The developed HPTLC procedure allows a simple but effective solution for the estimation of vitexin in various herbal formulations with a short analysis time and with satisfactory UV detection. The methods reported by Aussavashai et al., on the quantification of vitexin in P. foetida leaves using HPTLC using ethyl acetate:methanol:distilled water:formic acid (50:2:3:6 (v/v) with R_f 0.70 and linearity range of 2.5–17.5 mg/mL. Comparing to this earlier method, our method has a much better R_f (0.49) and linearity range of 100–700 ng/spot which make the method more sensitive.
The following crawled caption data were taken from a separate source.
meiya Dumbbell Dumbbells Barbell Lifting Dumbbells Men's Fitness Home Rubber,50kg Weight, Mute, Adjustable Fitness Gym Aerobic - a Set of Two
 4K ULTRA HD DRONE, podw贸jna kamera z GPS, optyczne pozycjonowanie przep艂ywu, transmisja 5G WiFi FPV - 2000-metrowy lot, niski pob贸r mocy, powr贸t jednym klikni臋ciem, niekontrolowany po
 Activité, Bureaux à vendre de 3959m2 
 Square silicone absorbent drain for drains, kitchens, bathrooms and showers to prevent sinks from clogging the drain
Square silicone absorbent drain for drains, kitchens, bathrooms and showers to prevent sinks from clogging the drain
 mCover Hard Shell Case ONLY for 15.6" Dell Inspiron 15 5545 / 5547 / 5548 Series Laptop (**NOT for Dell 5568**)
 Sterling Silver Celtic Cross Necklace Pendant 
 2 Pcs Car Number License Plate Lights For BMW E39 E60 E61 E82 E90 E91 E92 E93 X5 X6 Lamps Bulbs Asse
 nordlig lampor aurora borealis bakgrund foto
When comparing with the HPLC method on vitexin, the HPTLC method have the advantage of simultaneous analysis of several analytes using small amounts of mobile phase, with minimum analysis time and cost.

5. Conclusion

The HPTLC method developed for quantification of vitexin was found to be simple, accurate, reproducible and sensitive. Statistical data prove that the method is reproducible and selective for the analysis of vitexin with added advantages of short time, minimal sample preparation, in addition to the low cost.